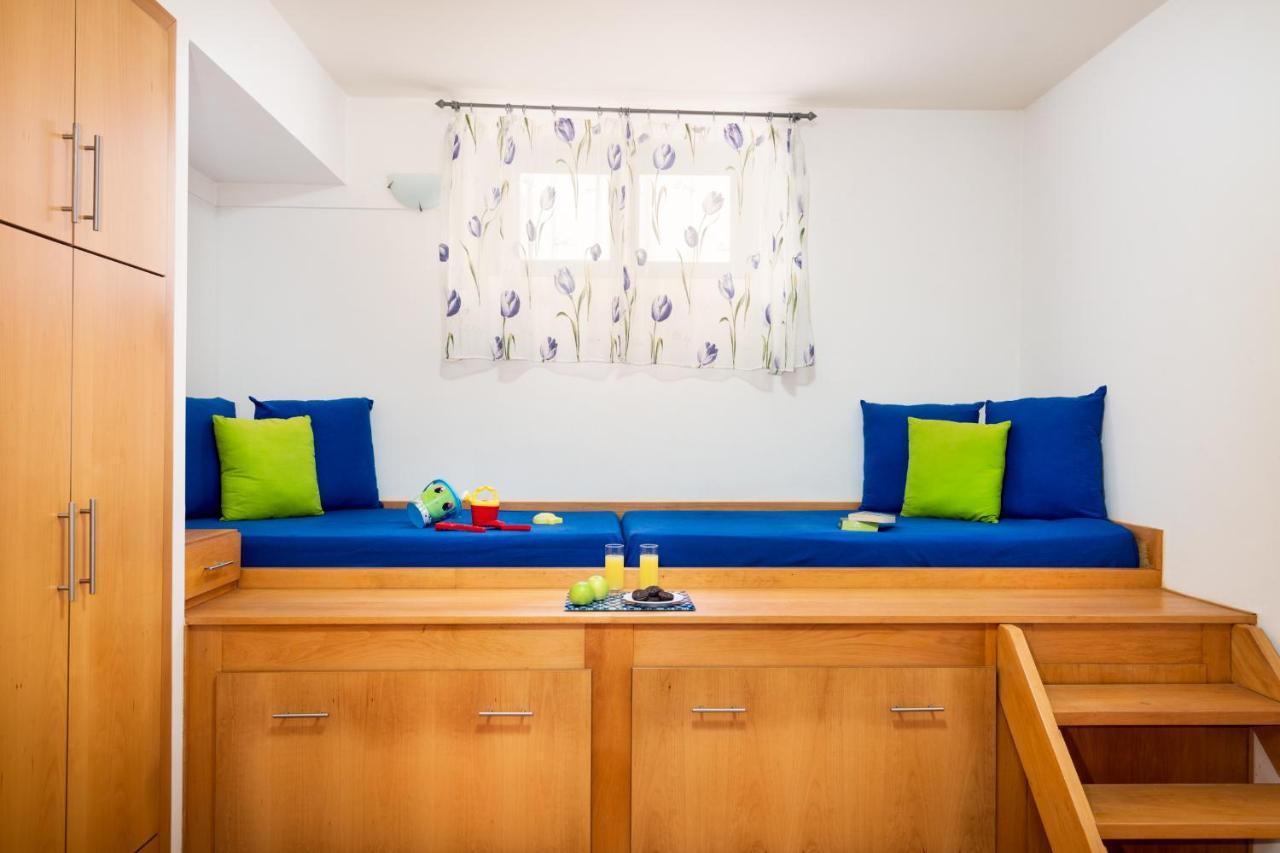 Beachfront Villa Turquoise With Private Pool, Bbq And Ping Pong Table Chania  Exterior foto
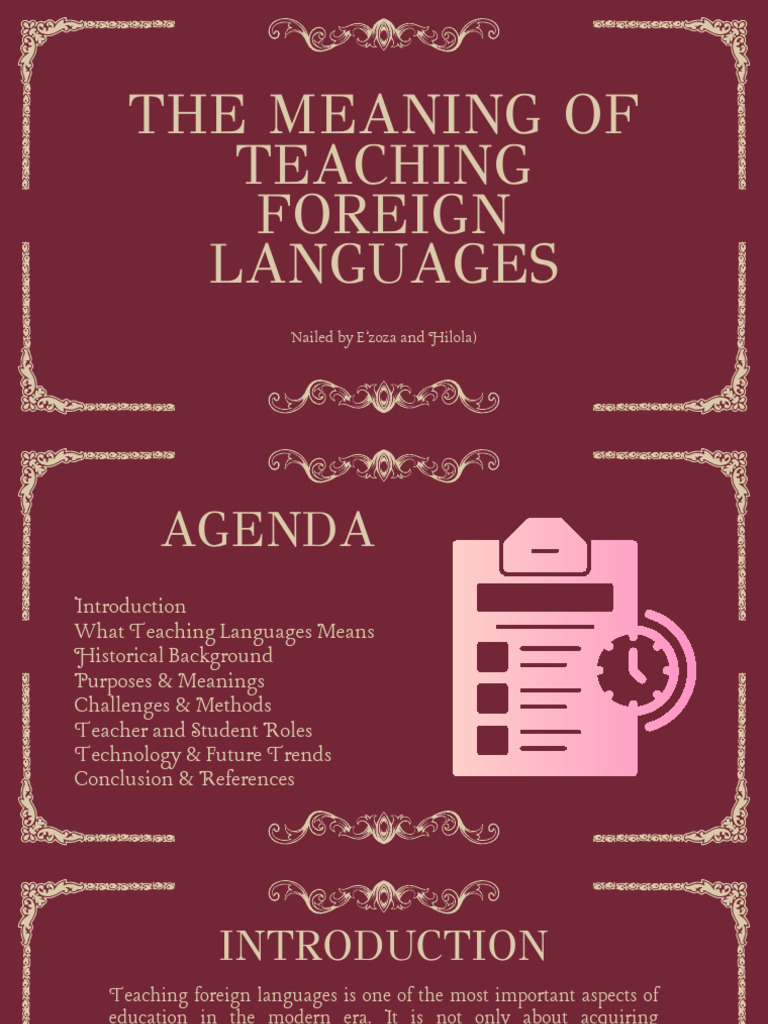 Understanding Foreign Language Teaching | PDF | Foreign Language ...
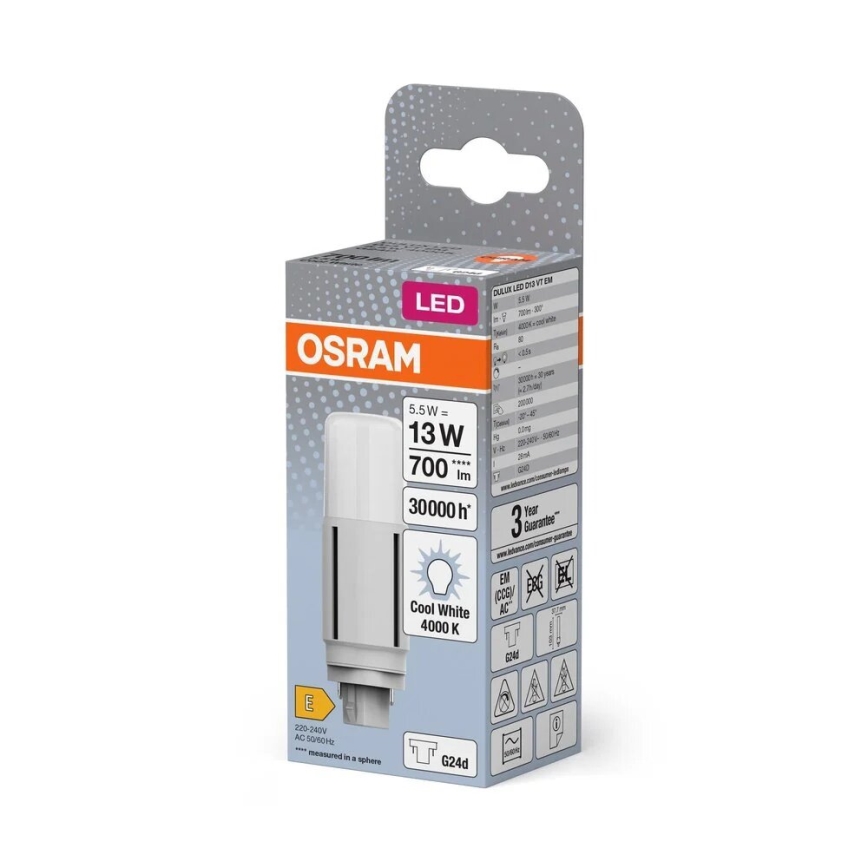 LED Spuldze G24d/5,5W/230V 4000K - Osram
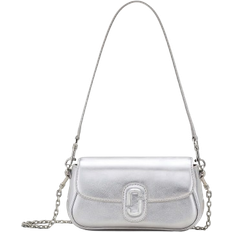 Marc Jacobs The Metallic Leather Clover Shoulder Bag - Silver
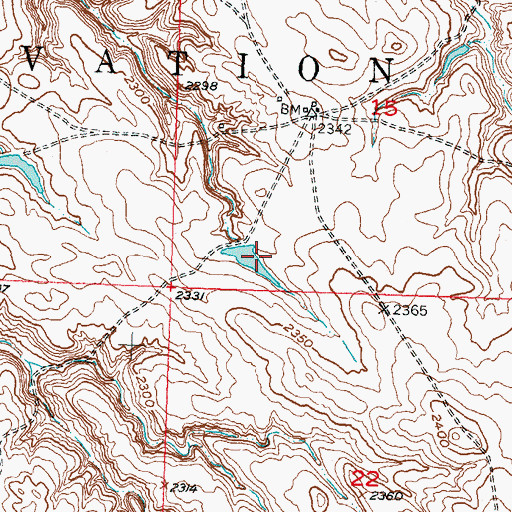 Topographic Map of Viet Number 1 Dam, SD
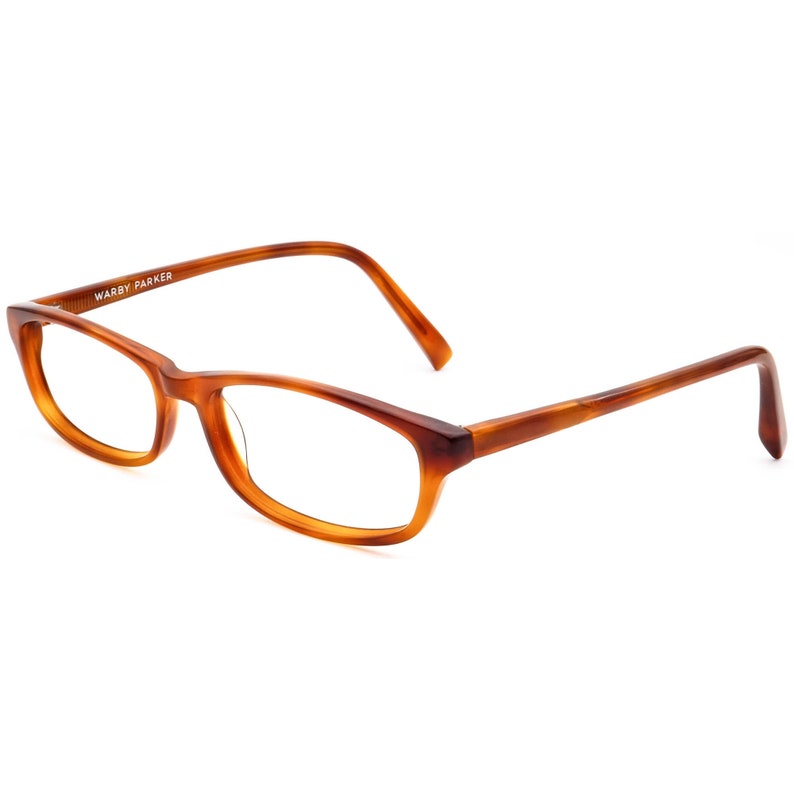 Warby Parker Eyeglasses Nedwin 310 Orange Rectangular Frame 5115 140 image 3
++++++
Task prompt :: Write the records out again in full, exactly, and skip every picture.

Problem solution ::
 Beachfront Villa Turquoise With Private Pool, Bbq And Ping Pong Table Chania  Exterior foto
 Understanding Foreign Language Teaching | PDF | Foreign Language ...
 LED Spuldze G24d/5,5W/230V 4000K - Osram
 Marc Jacobs The Metallic Leather Clover Shoulder Bag - Silver
 Topographic Map of Viet Number 1 Dam, SD
 Warby Parker Eyeglasses Nedwin 310 Orange Rectangular Frame 5115 140 image 3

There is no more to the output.